Galeria z pączkiem w tle

W interesująco zaaranżowanych i połączonych z ciastkarnią Bliklego wnętrzach przy kieleckiej „Sienkiewce” otwarto w piątek galerię Związku Polskich Artystów Plastyków. Wstęgę przecinali – prezydent Kielc – Wojciech Lubawski i szef związku – Mariusz Brudnik. A potem wszyscy delektowali się sztuką i pączkami. Oczywiście od Bliklego.Na ścianach związkowej galerii zawisły wczoraj obrazy znanych kieleckich plastyków. Niektóre z nich – jak choćby prace Krzysztofa Jackowskiego – można było już kupić. Wnętrze galerii Związku Polskich Artystów Plastyków zaaranżowano z ogromnym smakiem, część sklepowa jest dyskretnie oddzielona od części wystawowej. Z ciastkarnią Bliklego galerię łączą drzwi, co jak zapewniał podczas wczorajszego wernisażu Mariusz Brudnik – prezes kieleckiego oddziału ZPAP – było od początku do końca zaplanowane.

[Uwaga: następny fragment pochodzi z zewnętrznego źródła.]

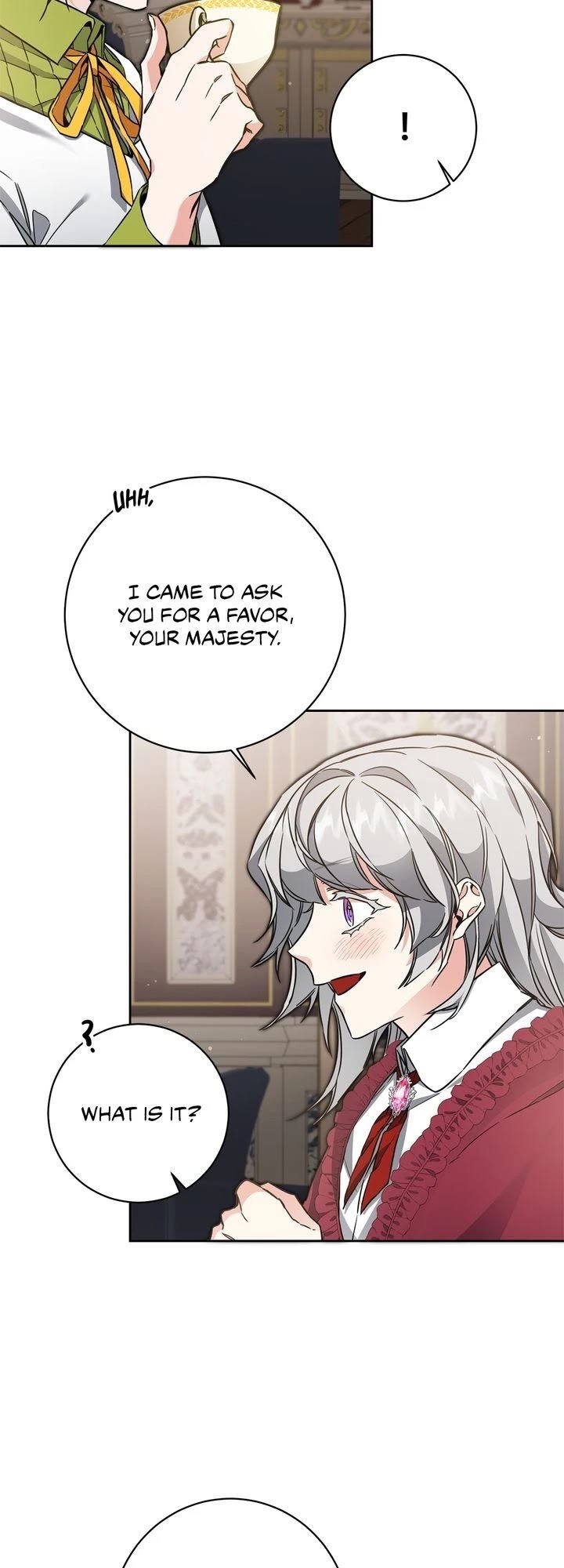 I’ve Become the Villainous Emperor of a Novel chapter 56 - page 30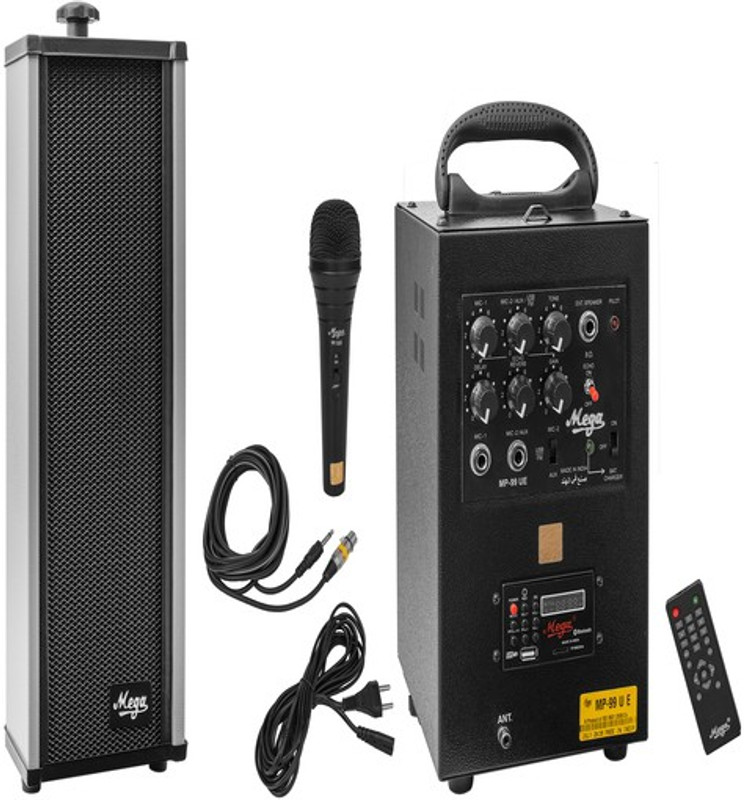 Mega MP-99UE SPECIAL MP-99UE SPECIAL Indoor, Outdoor PA System(40 W)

Kieleccy plastycy dziękowali wczoraj prezydentowi Kielc – Wojciechowi Lubawskiemu, że zaufał artystom i zaoferował im na preferencyjnych warunkach (czynsz – 5 zł za metr kw.) lokal przy deptaku.

– Jesteśmy sobie nawzajem potrzebni, nasza piękna ulica Sienkiewicza będzie się zmieniać i tu nie chodzi tylko o bruk, lecz o instytucje, które znajdą się przy deptaku. Na wiosnę ruszą prace przy fontannie, wkrótce Wzgórze Zamkowe zostanie oddane artystom – zapowiedział prezydent Lubawski.

Na wczorajsze otwarcie galerii stawili się znani twórcy i przedstawiciele świata kultury. Zapowiedź prezydenta, że będzie dążył on do tego, by „Sienkiewka” miała swój niepowtarzalny klimat, najwyraźniej bardzo im się spodobała. Marian Rumin – dyrektor pobliskiego Biura Wystaw Artystycznych „Piwnice” – zastrzegł się, że związkowej galerii nie traktuje jak konkurencji. – To raczej uzupełnienie – przekonywał. – Miejsce jest wspaniałe, przestrzeń bardzo przyzwoita. Ta galeria będzie różnić się od naszej choćby tym, że pomyślana jest jako sprzedażna i powinna przynosić zyski.

A tuż po oficjalnym przecięciu wstęgi goście mogli delektować się sztuką i pysznymi paczkami. Oczywiście od Bliklego. Można tylko pozazdrościć plastykom, że wiedzieli kogo wybrać sobie na sąsiada.